Streamline Your Medical Coding

Let S10.AI help you select the most accurate ICD-10 codes. Our AI-powered assistant ensures compliance and reduces coding errors.

Frequently Asked Questions

Common Questions and Answers

Q: What are the latest KDIGO guidelines for diagnosing and managing anemia in chronic kidney disease patients?

A: The 2021 KDIGO guidelines recommend diagnosing anemia in CKD patients based on hemoglobin levels less than 10 g/dL in non-pregnant adults. Management strategies emphasize correcting iron deficiency, primarily with intravenous iron in patients on dialysis or those with iron deficiency not responding to oral iron. Erythropoiesis-stimulating agents (ESAs) are recommended for patients with symptomatic anemia not responsive to iron therapy. However, ESAs should be used judiciously, titrated to the lowest effective dose to minimize risks. KDIGO guidelines also emphasize the importance of monitoring hemoglobin levels regularly and adjusting treatment accordingly. Consider implementing these updated guidelines into your clinical practice to optimize anemia management in your CKD patients.
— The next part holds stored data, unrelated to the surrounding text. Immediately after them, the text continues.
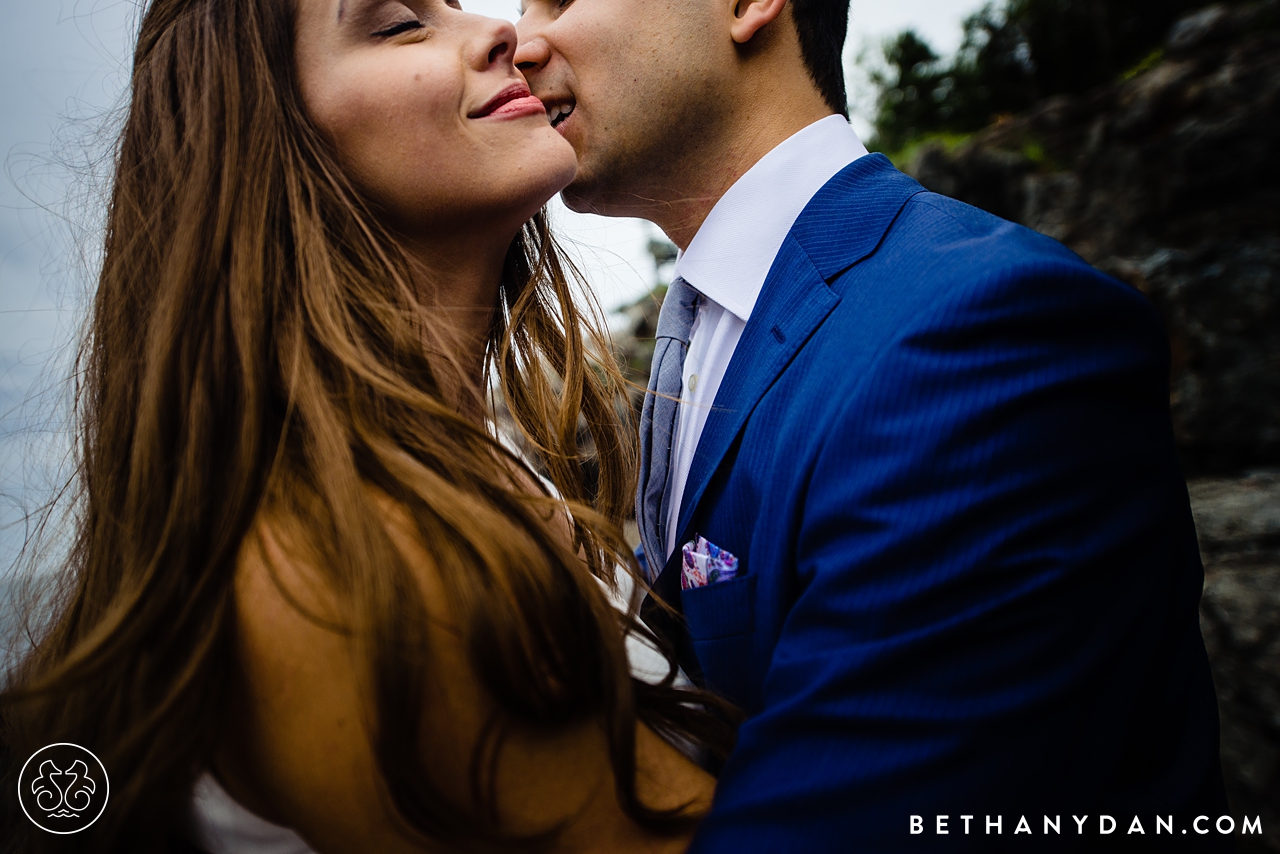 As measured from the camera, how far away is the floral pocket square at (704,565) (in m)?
1.62

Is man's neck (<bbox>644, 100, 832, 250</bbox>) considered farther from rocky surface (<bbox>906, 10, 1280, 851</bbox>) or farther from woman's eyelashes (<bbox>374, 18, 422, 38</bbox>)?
rocky surface (<bbox>906, 10, 1280, 851</bbox>)

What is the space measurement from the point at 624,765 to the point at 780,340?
3.23 ft

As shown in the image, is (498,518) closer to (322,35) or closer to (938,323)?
(938,323)

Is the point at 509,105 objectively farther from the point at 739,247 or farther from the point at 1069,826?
the point at 1069,826

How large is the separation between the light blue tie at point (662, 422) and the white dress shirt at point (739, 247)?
0.04 metres

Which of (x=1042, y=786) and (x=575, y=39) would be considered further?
(x=575, y=39)

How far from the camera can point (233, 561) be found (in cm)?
113

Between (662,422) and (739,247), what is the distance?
1.88 ft

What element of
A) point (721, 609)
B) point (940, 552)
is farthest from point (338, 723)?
point (940, 552)

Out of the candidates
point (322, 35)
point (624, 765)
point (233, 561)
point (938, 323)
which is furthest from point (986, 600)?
point (322, 35)

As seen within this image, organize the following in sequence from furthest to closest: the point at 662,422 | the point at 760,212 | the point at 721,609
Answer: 1. the point at 662,422
2. the point at 760,212
3. the point at 721,609

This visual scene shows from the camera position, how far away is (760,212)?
2074mm

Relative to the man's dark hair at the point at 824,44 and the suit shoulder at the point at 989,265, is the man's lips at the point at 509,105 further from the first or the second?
the man's dark hair at the point at 824,44

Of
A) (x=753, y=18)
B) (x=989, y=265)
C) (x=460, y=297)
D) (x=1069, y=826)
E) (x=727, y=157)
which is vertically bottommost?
(x=1069, y=826)
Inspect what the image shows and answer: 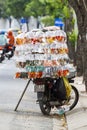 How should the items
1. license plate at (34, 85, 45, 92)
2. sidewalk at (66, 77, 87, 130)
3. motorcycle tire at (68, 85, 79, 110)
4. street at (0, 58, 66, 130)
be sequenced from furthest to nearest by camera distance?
motorcycle tire at (68, 85, 79, 110), license plate at (34, 85, 45, 92), street at (0, 58, 66, 130), sidewalk at (66, 77, 87, 130)

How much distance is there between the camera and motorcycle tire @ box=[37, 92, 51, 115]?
43.1 feet

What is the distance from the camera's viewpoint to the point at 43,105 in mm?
13234

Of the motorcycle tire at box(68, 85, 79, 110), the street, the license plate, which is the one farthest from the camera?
the motorcycle tire at box(68, 85, 79, 110)

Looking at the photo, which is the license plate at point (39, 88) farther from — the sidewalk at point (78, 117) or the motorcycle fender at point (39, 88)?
the sidewalk at point (78, 117)

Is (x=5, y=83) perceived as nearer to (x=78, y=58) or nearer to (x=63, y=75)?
(x=78, y=58)

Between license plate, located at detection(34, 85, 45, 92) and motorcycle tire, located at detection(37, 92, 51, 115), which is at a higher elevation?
license plate, located at detection(34, 85, 45, 92)

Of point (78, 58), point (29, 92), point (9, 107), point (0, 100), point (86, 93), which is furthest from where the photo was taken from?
point (78, 58)

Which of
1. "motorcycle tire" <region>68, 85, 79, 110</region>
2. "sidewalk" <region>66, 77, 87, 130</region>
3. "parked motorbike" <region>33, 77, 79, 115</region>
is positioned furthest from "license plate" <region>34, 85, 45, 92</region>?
"motorcycle tire" <region>68, 85, 79, 110</region>

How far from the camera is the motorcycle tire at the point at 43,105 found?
517 inches

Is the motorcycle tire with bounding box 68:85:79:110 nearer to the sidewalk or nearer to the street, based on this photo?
the sidewalk

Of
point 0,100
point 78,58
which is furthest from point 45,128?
point 78,58

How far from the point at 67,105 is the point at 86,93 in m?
3.64

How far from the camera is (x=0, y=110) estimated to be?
13.9 m

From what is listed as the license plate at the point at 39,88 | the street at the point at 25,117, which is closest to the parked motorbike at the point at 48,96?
the license plate at the point at 39,88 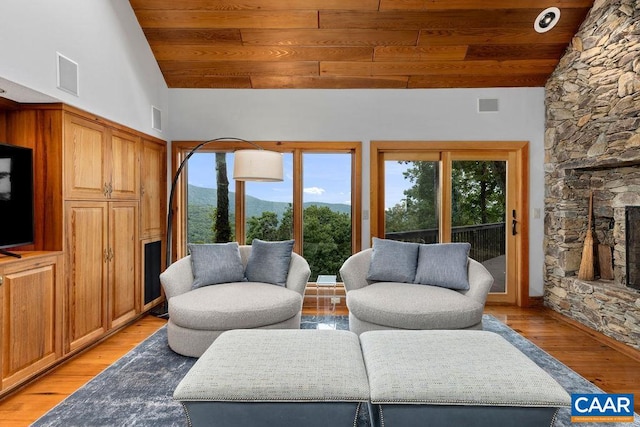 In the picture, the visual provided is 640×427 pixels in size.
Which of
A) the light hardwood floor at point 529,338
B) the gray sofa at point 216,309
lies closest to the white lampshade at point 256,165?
the gray sofa at point 216,309

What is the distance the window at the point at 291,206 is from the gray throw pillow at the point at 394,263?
109 centimetres

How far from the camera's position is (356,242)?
4469 millimetres

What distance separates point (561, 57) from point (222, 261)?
160 inches

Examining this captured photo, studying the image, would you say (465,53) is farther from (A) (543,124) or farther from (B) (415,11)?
(A) (543,124)

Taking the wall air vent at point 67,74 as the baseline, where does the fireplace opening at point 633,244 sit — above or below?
below

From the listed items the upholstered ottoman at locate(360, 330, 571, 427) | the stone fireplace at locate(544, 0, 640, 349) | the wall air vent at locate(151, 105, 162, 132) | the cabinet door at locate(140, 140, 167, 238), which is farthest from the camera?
the wall air vent at locate(151, 105, 162, 132)

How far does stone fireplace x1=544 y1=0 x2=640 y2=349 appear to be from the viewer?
3178mm

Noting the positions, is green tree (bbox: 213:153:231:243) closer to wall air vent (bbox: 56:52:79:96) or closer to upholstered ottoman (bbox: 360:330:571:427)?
wall air vent (bbox: 56:52:79:96)

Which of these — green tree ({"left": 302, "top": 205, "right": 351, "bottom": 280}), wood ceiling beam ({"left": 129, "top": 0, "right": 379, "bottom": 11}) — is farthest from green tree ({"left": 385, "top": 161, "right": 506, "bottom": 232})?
wood ceiling beam ({"left": 129, "top": 0, "right": 379, "bottom": 11})

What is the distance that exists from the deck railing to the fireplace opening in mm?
1280

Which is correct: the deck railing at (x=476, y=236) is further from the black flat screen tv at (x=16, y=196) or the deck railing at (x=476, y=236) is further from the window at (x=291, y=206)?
the black flat screen tv at (x=16, y=196)

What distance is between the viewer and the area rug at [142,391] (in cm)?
205

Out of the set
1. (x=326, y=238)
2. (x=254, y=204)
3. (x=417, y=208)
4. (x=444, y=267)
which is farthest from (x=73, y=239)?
(x=417, y=208)

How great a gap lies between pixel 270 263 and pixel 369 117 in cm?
211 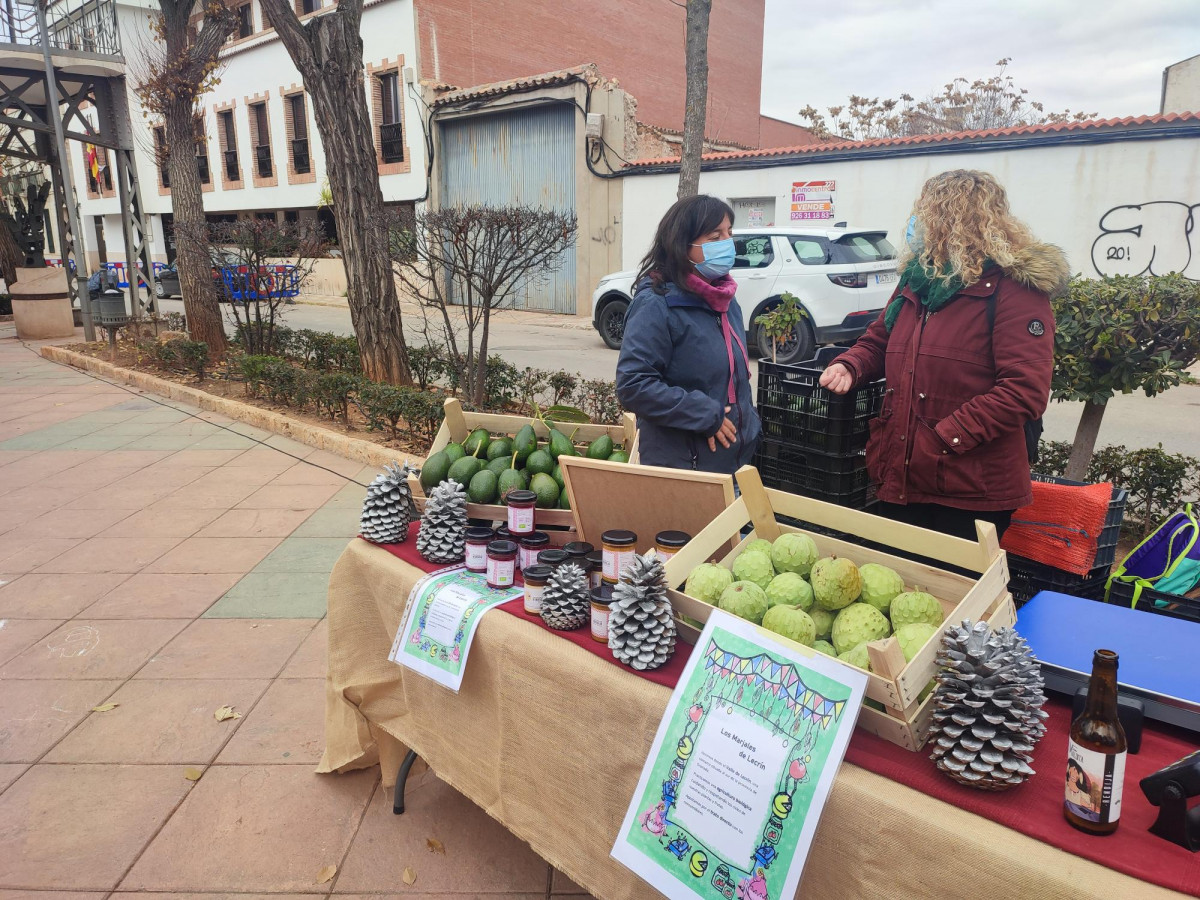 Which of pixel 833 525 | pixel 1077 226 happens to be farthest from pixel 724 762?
pixel 1077 226

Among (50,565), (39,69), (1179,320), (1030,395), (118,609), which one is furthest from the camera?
(39,69)

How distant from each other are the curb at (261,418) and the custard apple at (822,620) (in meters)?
3.19

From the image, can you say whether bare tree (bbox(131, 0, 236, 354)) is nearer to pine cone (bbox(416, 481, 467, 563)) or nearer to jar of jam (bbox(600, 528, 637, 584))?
pine cone (bbox(416, 481, 467, 563))

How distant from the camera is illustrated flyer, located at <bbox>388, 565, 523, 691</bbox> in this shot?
2090 mm

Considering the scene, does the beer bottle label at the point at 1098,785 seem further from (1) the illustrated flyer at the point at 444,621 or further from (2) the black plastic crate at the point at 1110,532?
(2) the black plastic crate at the point at 1110,532

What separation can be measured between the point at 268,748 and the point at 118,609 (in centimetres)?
173

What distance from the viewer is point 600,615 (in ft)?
6.12

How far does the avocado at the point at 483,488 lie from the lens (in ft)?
8.17

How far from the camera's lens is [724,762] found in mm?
1498

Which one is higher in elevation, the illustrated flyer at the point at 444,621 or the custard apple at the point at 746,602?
the custard apple at the point at 746,602

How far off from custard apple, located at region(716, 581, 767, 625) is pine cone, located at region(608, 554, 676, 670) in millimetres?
131

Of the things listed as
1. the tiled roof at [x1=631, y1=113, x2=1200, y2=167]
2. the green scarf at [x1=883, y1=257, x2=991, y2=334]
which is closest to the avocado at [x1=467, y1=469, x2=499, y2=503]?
the green scarf at [x1=883, y1=257, x2=991, y2=334]

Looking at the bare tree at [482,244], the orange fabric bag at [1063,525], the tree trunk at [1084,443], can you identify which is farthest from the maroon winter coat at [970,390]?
the bare tree at [482,244]

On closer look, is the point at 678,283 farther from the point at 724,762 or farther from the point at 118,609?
the point at 118,609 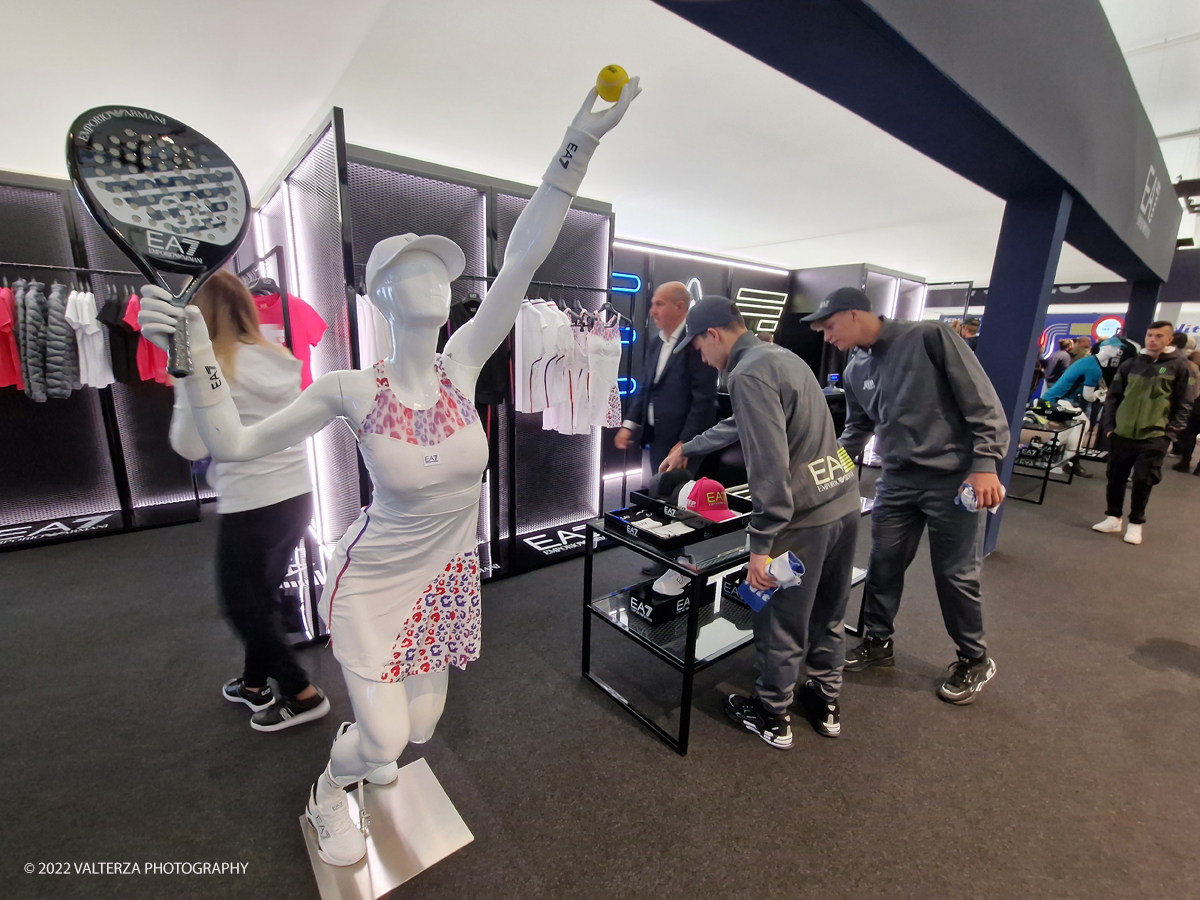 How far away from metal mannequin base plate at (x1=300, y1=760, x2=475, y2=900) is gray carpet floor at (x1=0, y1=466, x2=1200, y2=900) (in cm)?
5

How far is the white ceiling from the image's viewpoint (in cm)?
240

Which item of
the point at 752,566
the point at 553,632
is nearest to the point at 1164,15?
the point at 752,566

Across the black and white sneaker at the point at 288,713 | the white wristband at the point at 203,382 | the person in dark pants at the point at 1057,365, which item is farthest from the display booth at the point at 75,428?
the person in dark pants at the point at 1057,365

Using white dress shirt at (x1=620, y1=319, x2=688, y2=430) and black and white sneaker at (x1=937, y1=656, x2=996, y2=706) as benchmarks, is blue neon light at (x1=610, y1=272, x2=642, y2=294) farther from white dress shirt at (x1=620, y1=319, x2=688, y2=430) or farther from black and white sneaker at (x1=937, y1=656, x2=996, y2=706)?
black and white sneaker at (x1=937, y1=656, x2=996, y2=706)

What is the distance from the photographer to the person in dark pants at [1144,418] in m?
3.93

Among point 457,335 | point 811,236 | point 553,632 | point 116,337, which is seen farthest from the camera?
point 811,236

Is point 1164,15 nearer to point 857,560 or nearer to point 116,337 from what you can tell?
point 857,560

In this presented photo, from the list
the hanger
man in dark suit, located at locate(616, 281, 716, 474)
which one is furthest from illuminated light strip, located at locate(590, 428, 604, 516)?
the hanger

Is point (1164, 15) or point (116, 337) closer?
point (1164, 15)

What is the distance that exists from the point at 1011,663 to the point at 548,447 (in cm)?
289

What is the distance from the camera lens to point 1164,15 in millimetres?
2891

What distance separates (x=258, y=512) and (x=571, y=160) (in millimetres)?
1544

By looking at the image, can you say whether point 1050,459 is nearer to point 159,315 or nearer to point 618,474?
point 618,474

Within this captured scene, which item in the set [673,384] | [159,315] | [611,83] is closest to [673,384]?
[673,384] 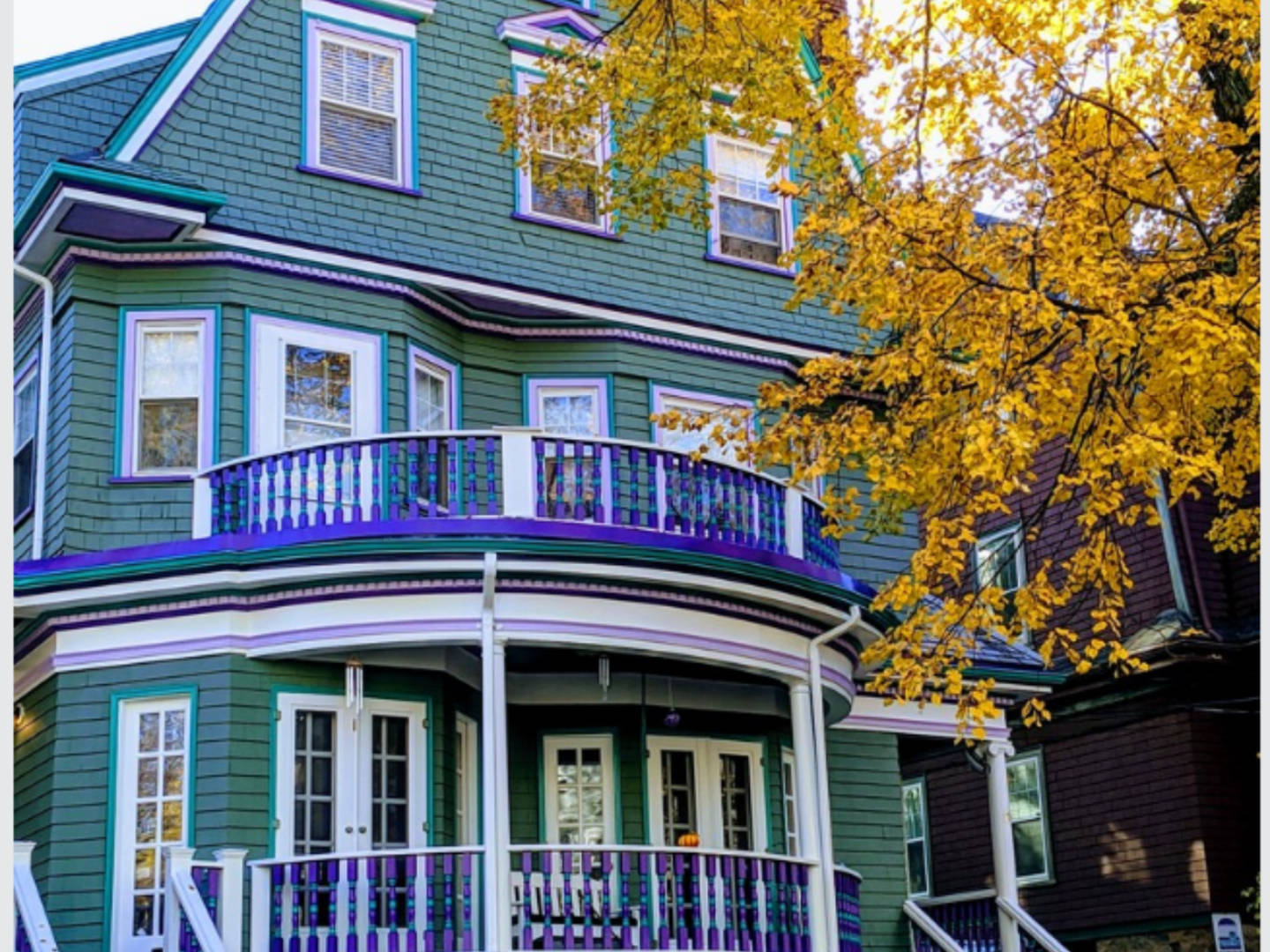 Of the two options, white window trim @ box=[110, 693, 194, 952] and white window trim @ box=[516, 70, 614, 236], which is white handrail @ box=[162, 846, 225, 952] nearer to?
white window trim @ box=[110, 693, 194, 952]

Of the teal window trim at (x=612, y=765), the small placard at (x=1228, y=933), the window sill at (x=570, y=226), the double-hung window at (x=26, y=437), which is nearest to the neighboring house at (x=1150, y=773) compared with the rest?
the small placard at (x=1228, y=933)

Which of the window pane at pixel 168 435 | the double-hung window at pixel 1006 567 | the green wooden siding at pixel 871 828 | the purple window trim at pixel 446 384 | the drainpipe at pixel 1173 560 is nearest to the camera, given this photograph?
the window pane at pixel 168 435

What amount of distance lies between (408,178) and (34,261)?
3.72 meters

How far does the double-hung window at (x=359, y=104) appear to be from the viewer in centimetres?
1911

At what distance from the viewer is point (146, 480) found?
1725 centimetres

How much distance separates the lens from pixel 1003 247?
48.5ft

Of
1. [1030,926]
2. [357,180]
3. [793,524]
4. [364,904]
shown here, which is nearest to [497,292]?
[357,180]

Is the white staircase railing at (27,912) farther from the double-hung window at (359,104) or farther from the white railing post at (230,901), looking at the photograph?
the double-hung window at (359,104)

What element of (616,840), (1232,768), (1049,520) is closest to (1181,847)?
(1232,768)

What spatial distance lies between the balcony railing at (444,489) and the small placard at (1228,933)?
32.3 ft

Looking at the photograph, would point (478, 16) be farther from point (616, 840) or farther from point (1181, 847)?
point (1181, 847)

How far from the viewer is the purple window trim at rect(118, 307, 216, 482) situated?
57.0ft

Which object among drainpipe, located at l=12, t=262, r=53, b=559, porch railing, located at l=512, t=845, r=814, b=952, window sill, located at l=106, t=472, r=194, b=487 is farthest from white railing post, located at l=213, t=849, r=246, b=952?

Explore how S10.AI can assist in tracking and managing these metrics for improved patient outcomes.

Q: What are the best practices for differentiating iron deficiency anemia from anemia of chronic inflammation in patients with CKD?

A: Differentiating iron deficiency anemia (IDA) from anemia of chronic inflammation (ACI) in CKD patients can be challenging due to overlapping features. While both can present with low hemoglobin, transferrin saturation (TSAT), and ferritin, key distinctions exist. In IDA, ferritin may be low or normal, while in ACI, it's often elevated despite true iron deficiency for erythropoiesis within the bone marrow. Assessing soluble transferrin receptor (sTfR) can be valuable; it increases in IDA but remains normal or only mildly elevated in ACI. Hepcidin, a hormone regulating iron absorption, is typically low in IDA but elevated in ACI. Consider a thorough evaluation including complete blood count, iron studies (serum iron, TSAT, ferritin), sTfR, and potentially hepcidin, along with a clinical assessment for underlying inflammatory conditions. Accurate diagnosis is crucial for tailored management, as iron supplementation might not benefit patients with pure ACI. Learn more about how advanced diagnostics can help personalize anemia treatment in CKD patients.

Quick Tips

Practical Coding Tips
  • Code N79.1 for CKD anemia
  • Document CKD stage & Hgb
  • Query physician for anemia cause
  • Consider D63.1 if iron deficiency
  • Review Z91.2 for dialysis status

Documentation Templates

Patient presents with symptoms consistent with anemia in chronic kidney disease (CKD).  The patient reports fatigue, weakness, and shortness of breath, particularly with exertion.  On physical examination, pallor was noted.  Review of systems reveals decreased exercise tolerance and cold intolerance.  The patient has a documented history of chronic kidney disease stage [Insert Stage], confirmed by  [Insert confirming test, e.g., eGFR, creatinine clearance].  Laboratory results show a decreased hemoglobin level of [Insert Value] g/dL, hematocrit of [Insert Value]%, and a low red blood cell count.  Iron studies, including ferritin, transferrin saturation, and total iron binding capacity, have been ordered to evaluate for iron deficiency anemia, a common comorbidity in CKD.  Vitamin B12 and folate levels will also be assessed to rule out other potential causes of anemia.  Based on the patient's symptoms, laboratory findings, and established CKD diagnosis, the diagnosis of renal anemia is made.  Treatment options, including erythropoiesis-stimulating agents (ESAs) and iron supplementation, will be discussed with the patient, taking into consideration potential risks and benefits.  Patient education regarding dietary modifications and management of CKD-related anemia will be provided.  Follow-up appointment scheduled in [Timeframe] to monitor hemoglobin response to therapy and assess for any adverse effects.  ICD-10 code D63.1 (Anemia in chronic kidney disease) is applicable.  Differential diagnoses considered include iron deficiency anemia, vitamin B12 deficiency anemia, and anemia of chronic inflammation.